LooseLab / readfish

CLI tool for flexible and fast adaptive sampling on ONT sequencers
https://looselab.github.io/readfish/
GNU General Public License v3.0
163 stars 31 forks source link

Feature/duplex #324

Closed Adoni5 closed 2 months ago

Adoni5 commented 5 months ago

Two implementations of simple duplex targeting

Both of these modes break the chain of stop_receiving if the previous read was only sequenced if it was potentially duplex, by checking the new duplex_override decision, on the duplex_tracker.

Other things of note:

  1. Version is included in the printed output at the top of the logs
  2. Small change to an error in mappy.py index extension checking, which not includes the extension that is incorrect for clearer error messaging
  3. Added a new decision of when we override a read at the start of a readfish run, if the translocated portion is of unknown length
mattloose commented 5 months ago

It has been tested live.... waiting to interpret those tests.

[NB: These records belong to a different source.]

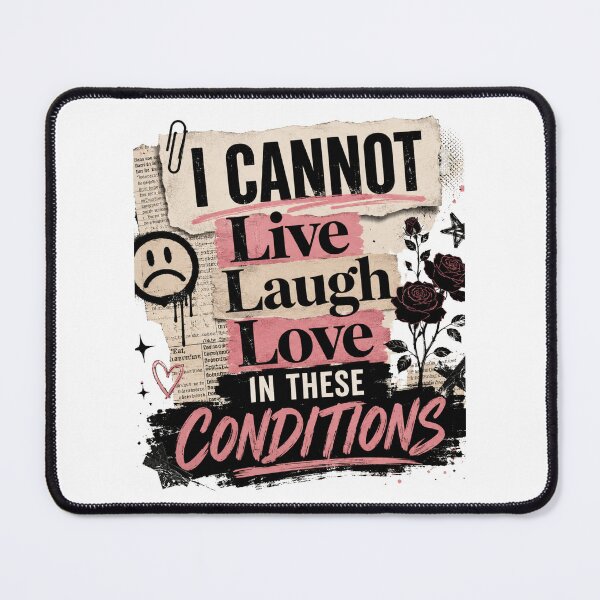 Item preview, I Cannot Live Laugh Love in These Conditions Funny Sarcastic Quote Vintage Typography designed and sold by JustCrafted.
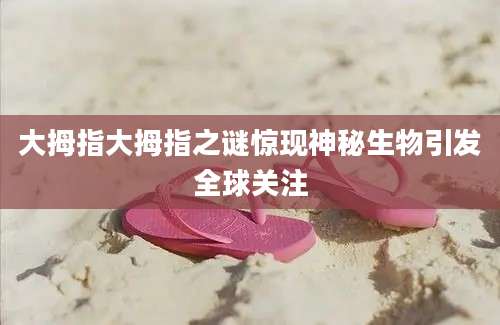 大拇指大拇指之谜惊现神秘生物引发全球关注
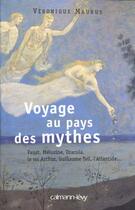 Couverture du livre « Voyage Au Pays Des Mythes » de V Maurus aux éditions Calmann-levy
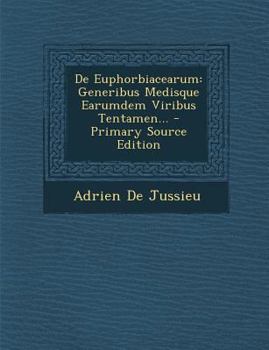 Paperback de Euphorbiacearum: Generibus Medisque Earumdem Viribus Tentamen... [Latin] Book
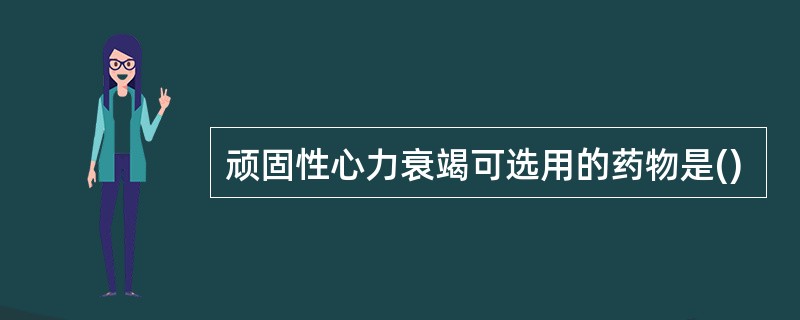 顽固性心力衰竭可选用的药物是()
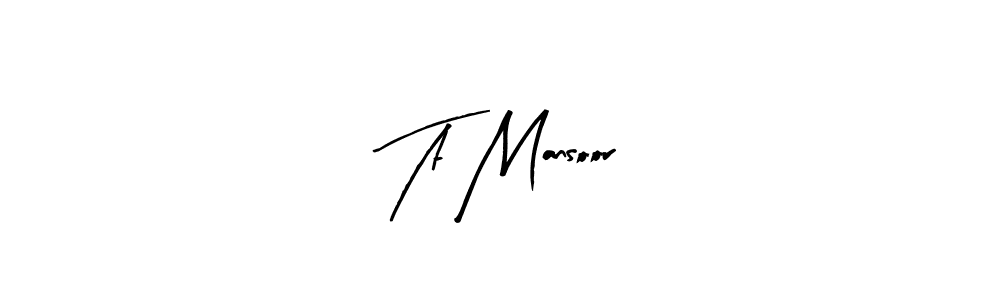 Similarly Arty Signature is the best handwritten signature design. Signature creator online .You can use it as an online autograph creator for name Tt Mansoor. Tt Mansoor signature style 8 images and pictures png
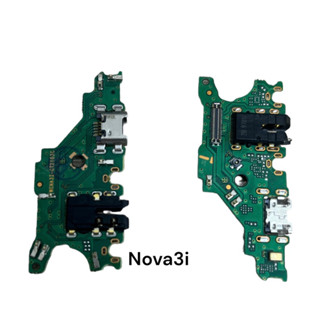 แพรชาร์จ แผงชาร์จ แพรหูฟัง Nova2i nova3i nova4 nova5t nova7i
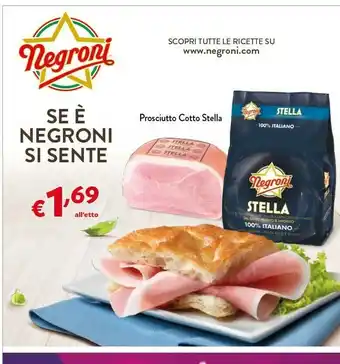 Negroni Prosciutto Cotto Stella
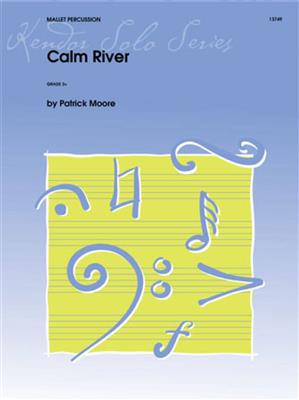 Patrick Moore: Calm River: Sonstige Stabspiele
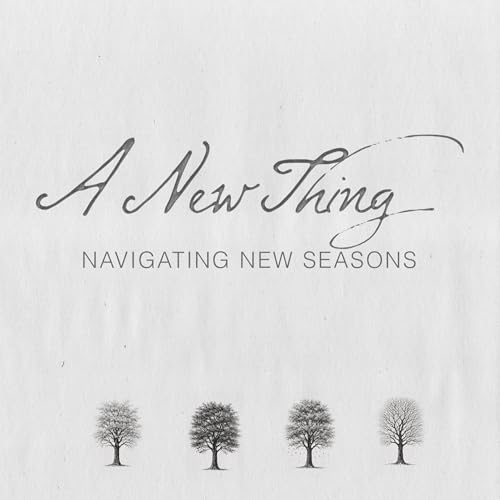 "A New Thing" Then What...? - Pastor Cliff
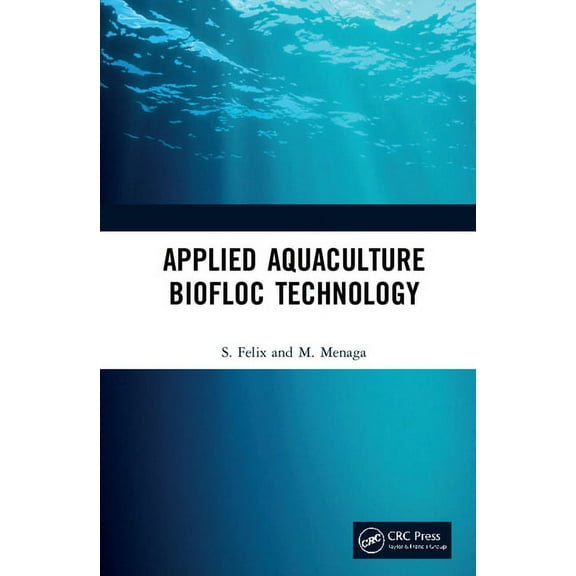 Applied Aquaculture Biofloc Technology, (Hardcover)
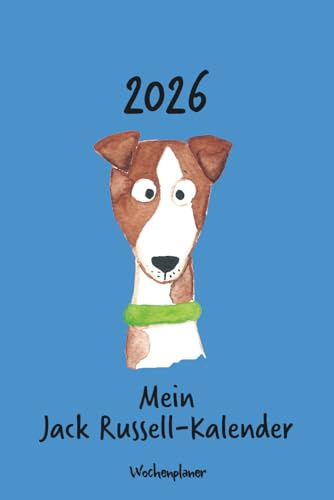 Kalender 2026 - Mein Jack Russell-Kalender: Wochenplaner - Jack Russell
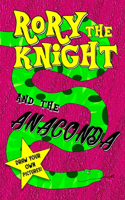 Rory the Knight and the Anaconda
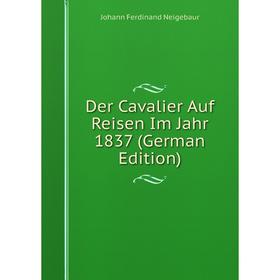 

Книга Der Cavalier Auf Reisen Im Jahr 1837 (German Edition)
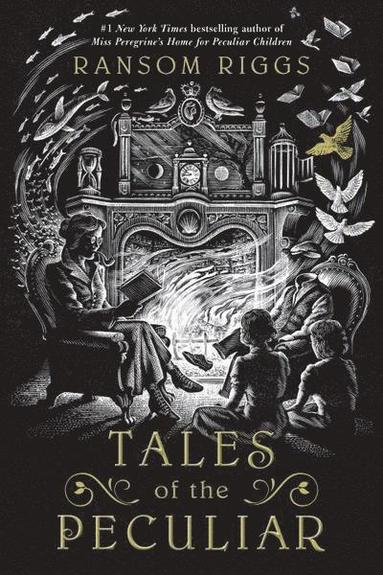 Ransom Riggs - Tales of the Peculiar, Häftad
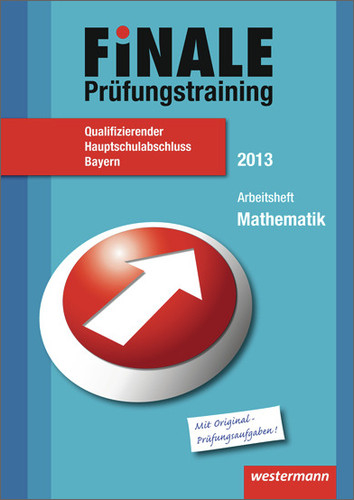 Finale Prüfungstraining Hauptschulabschluss Bayern - Bernhard Humpert, Martina Lenze, Bernd Wurl, Alexander Wynands, Bernd Liebau, Alois Amann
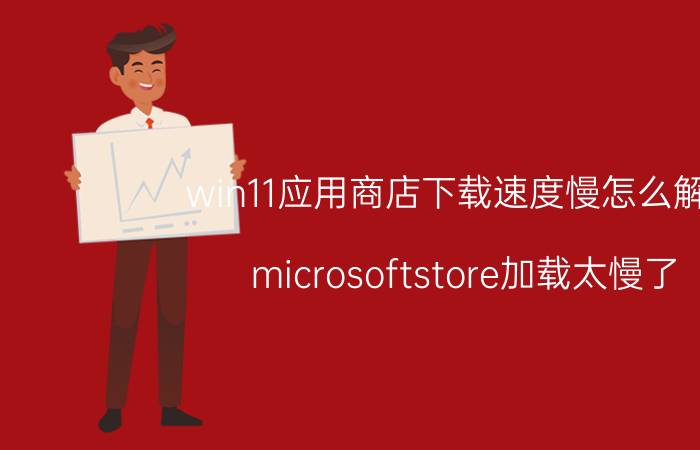 win11应用商店下载速度慢怎么解决 microsoftstore加载太慢了？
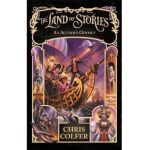 Land of Stories: An Author's Odyssey - Chris Colfer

Adoni5 commented 4 months ago

Checked the simple duplex

Of 220,000 Duplex reads after 4 days of running - we sent unblocks to 42,886 to the one or both of these reads parents, (29051 reads had an unblock sent to one of the parents, 13835 to both of the parents).

However looking at this by read lengths it's probably fine - image

And over the whole width of read lengths: image

Note - 10 base bin width for both plots.

It's roughly 0.7206% of total duplex bases, so I think this is working!

To avoid this languishing, I'm suggesting we merge this in and mark it as highly experimental.

Adoni5 commented 2 months ago

This works - @alexomics and @mattloose I'd like to merge so we can address #347 and avoid this languishing so long it no longer works

mattloose commented 2 months ago

Yes - we know that this works now. I'm happy to merge it.

Adoni5 commented 2 months ago

@alexomics blocked by your requested change for being certain about Strand which has been addressed!